What the exercise asks: All lines from the one containing "- Фото: РТРС" through the end of the material are to be given back exactly, without pictures.

──────────

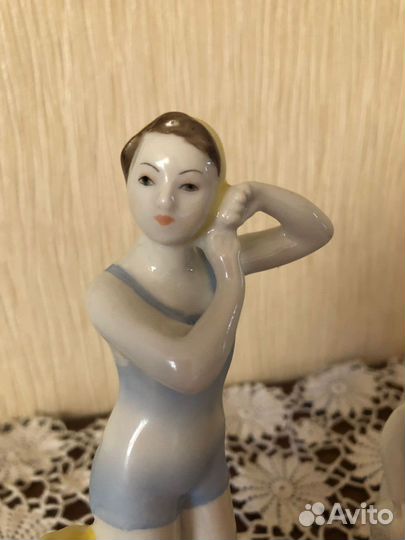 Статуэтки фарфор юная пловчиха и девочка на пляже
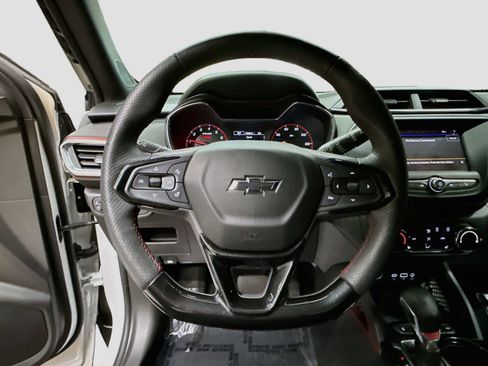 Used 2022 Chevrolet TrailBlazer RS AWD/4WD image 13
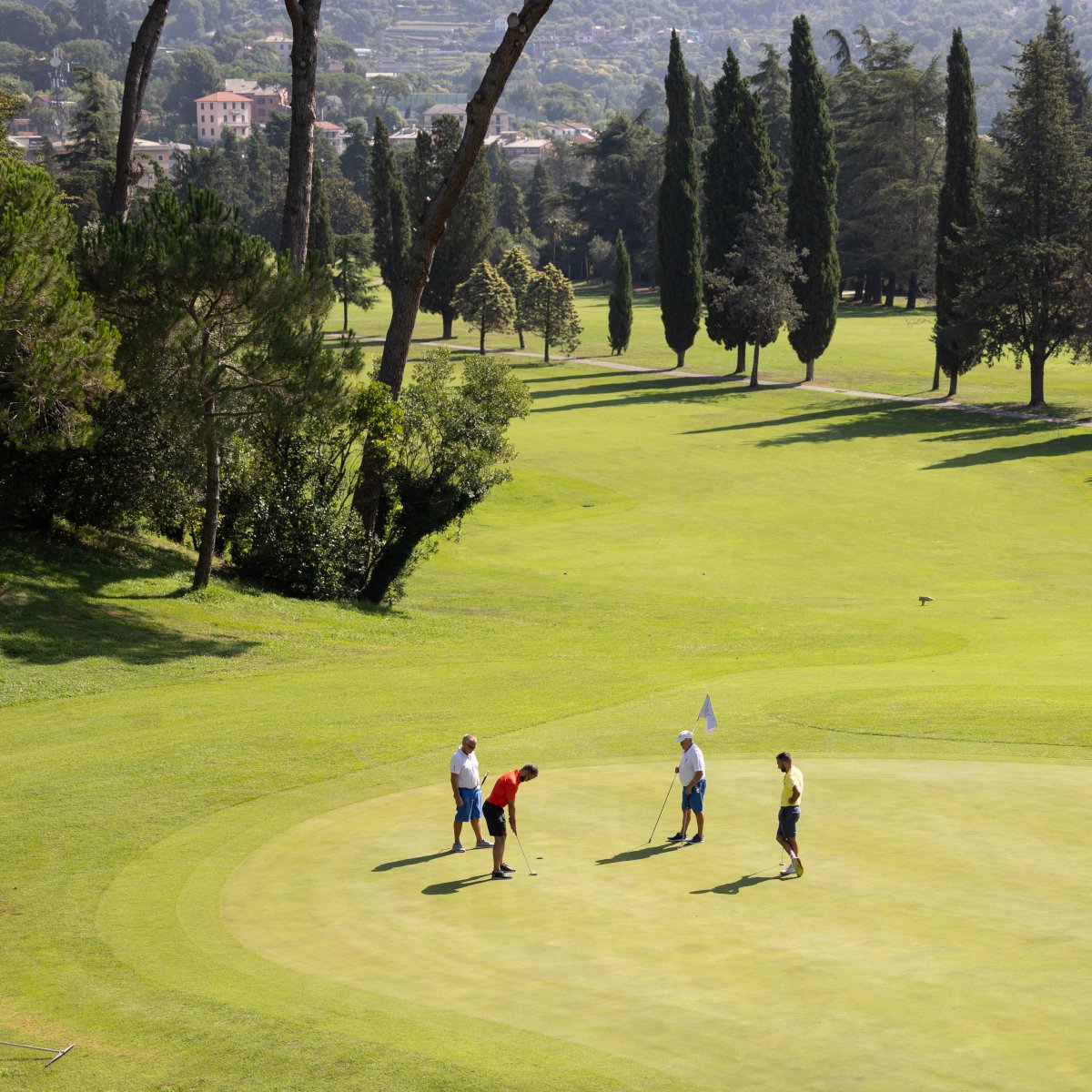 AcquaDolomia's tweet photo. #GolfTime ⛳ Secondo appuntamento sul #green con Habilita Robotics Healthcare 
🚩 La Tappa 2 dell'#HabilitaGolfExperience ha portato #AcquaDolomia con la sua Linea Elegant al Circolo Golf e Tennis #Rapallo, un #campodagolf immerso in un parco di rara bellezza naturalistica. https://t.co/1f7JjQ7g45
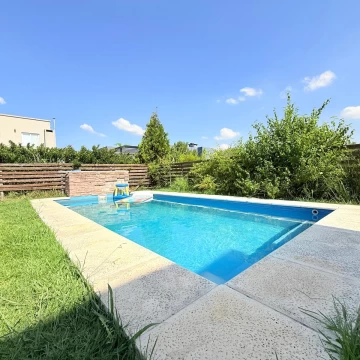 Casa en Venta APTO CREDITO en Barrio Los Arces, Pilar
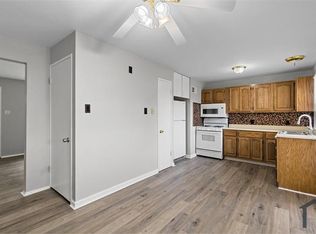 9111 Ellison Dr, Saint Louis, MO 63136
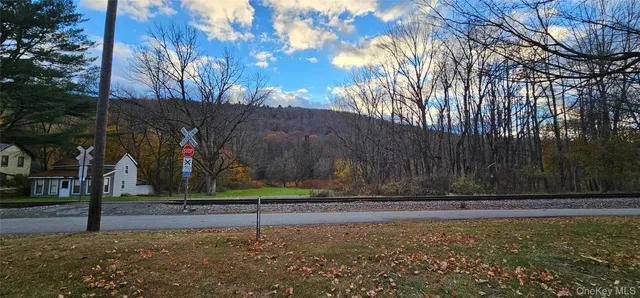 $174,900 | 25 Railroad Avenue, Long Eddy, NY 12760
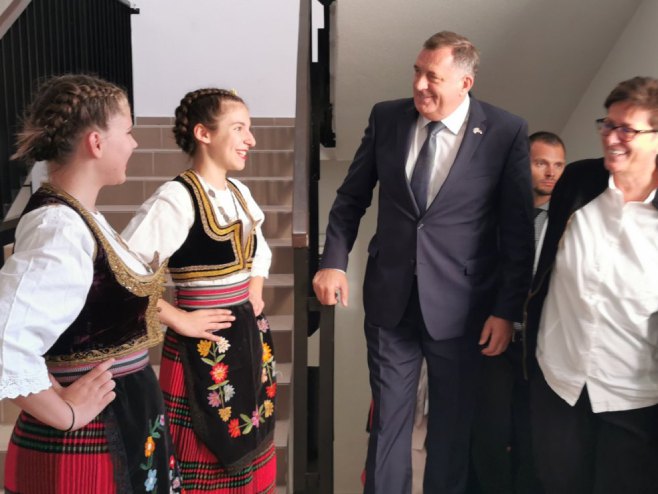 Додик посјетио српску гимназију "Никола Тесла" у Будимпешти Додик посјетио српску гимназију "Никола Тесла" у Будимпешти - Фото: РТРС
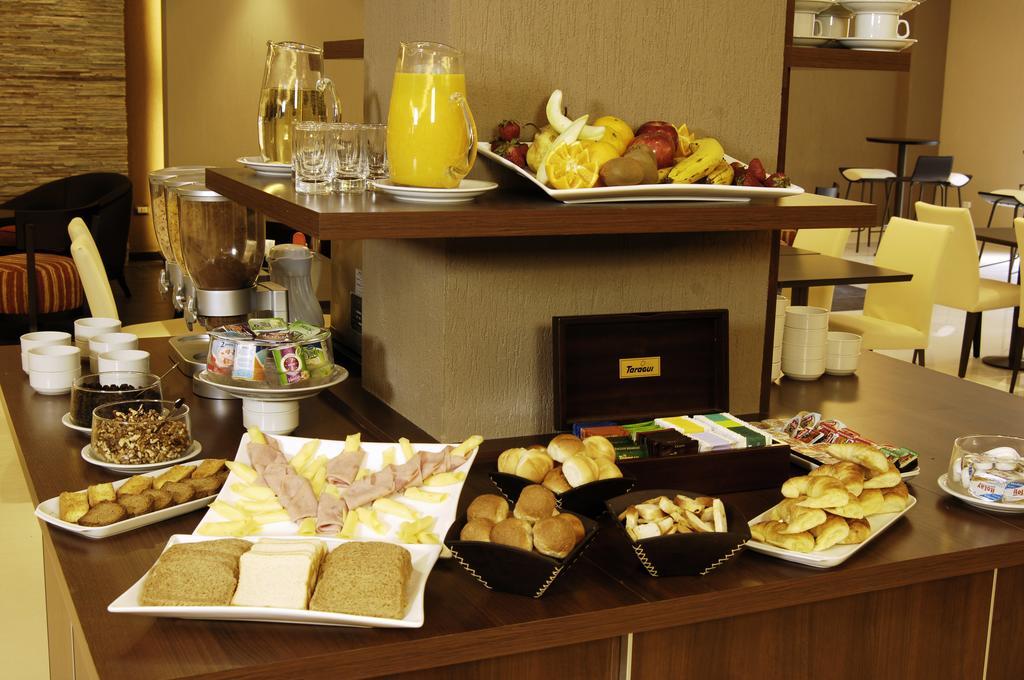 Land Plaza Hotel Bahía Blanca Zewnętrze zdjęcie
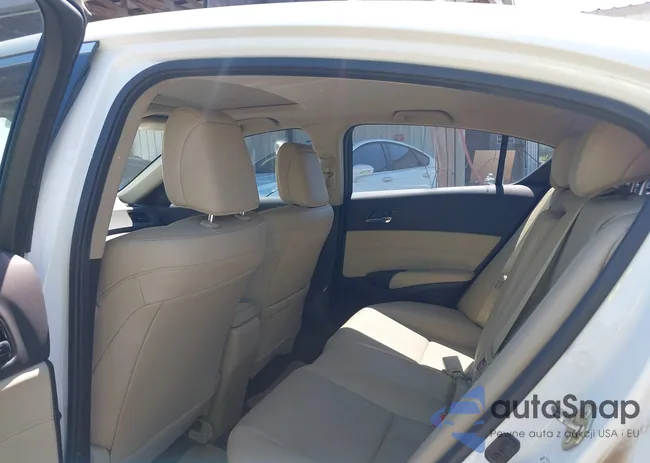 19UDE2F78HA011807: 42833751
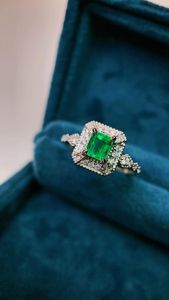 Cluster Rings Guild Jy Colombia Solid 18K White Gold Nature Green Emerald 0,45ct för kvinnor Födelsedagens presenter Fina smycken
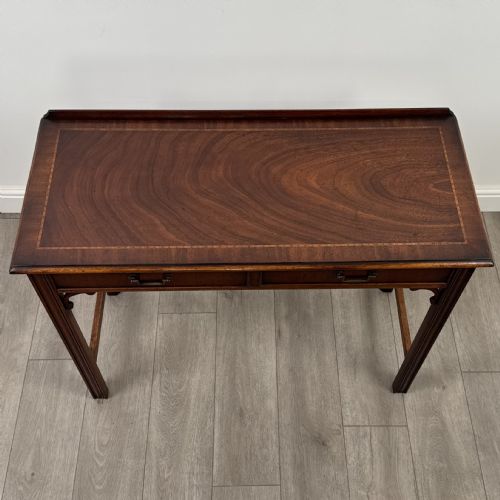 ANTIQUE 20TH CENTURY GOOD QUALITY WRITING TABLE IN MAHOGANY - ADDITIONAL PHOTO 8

──────────

Answer area:
 Додик посјетио српску гимназију "Никола Тесла" у Будимпешти Додик посјетио српску гимназију "Никола Тесла" у Будимпешти - Фото: РТРС
 Land Plaza Hotel Bahía Blanca Zewnętrze zdjęcie
 19UDE2F78HA011807: 42833751
 Cluster Rings Guild Jy Colombia Solid 18K White Gold Nature Green Emerald 0,45ct för kvinnor Födelsedagens presenter Fina smycken
 ANTIQUE 20TH CENTURY GOOD QUALITY WRITING TABLE IN MAHOGANY - ADDITIONAL PHOTO 8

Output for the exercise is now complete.